Liquidation Impact on Directors: Personal Liabilities and Disqualifications
If a business falls on hard times and needs to go into liquidation, directors are usually curious about whether or not they are going to be liable for any of the company’s ongoing debts, and also what their general liabilities are towards the company. This is a fair question and will discuss Liquidation’s Impact on Directors throughout the below article.
Protection from Debt
As a general rule, directors of limited companies are usually protected from any kind of personal liability for the debts of the company.

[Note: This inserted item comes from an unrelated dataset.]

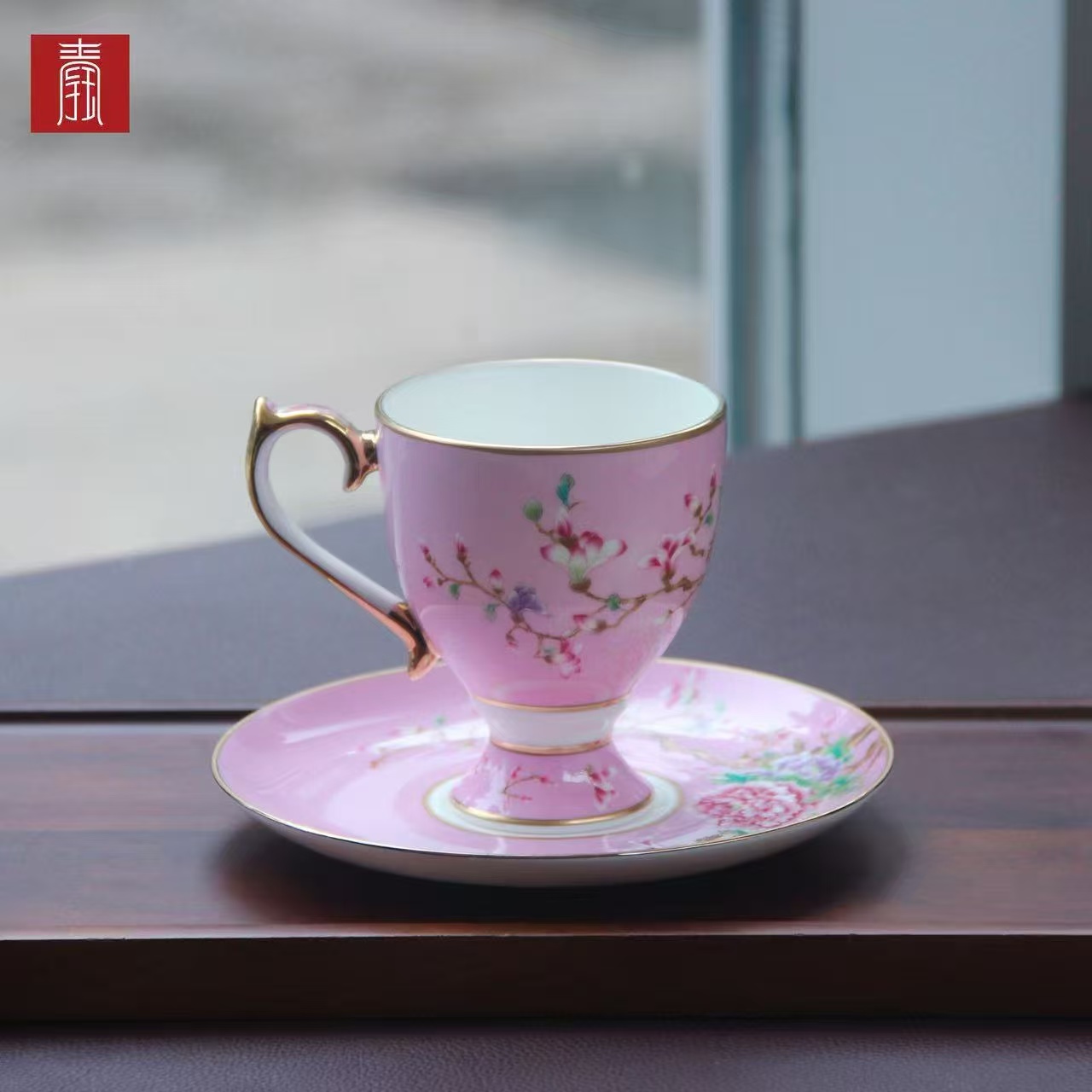 景德钰青 •【雀翎映丹盏·粉】高脚咖啡杯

The clue is in the name of a limited liability company, which essentially means the company is its own legal entity, so its debts are its own and not that of the director.
One of the main reasons that people start a limited company, even if they are a sole trader or in a partnership for the time being is because they can limit their exposure to business debt by doing so. They are incorporated as distinct legal entities and as such, the court views this as an entity which is separate from the directors who are in charge of the business. More often than not, this is known as the corporate veil.
That being said, it is worth noting that there are some exceptions which would make it so that directors become personally liable for a company’s debts. This usually occurs in situations where creditors need protection from negligent and dishonest conduct by the directors of a company which finds itself in difficult economic times.
If a director is going to be personally responsible for the debt of a business then this is linked in whole to their actions and behaviour. If the company is insolvent then directors need to act in a way which protects creditors and limits loss as much as possible, if they don’t do this then they could become responsible for the creditor’s losses.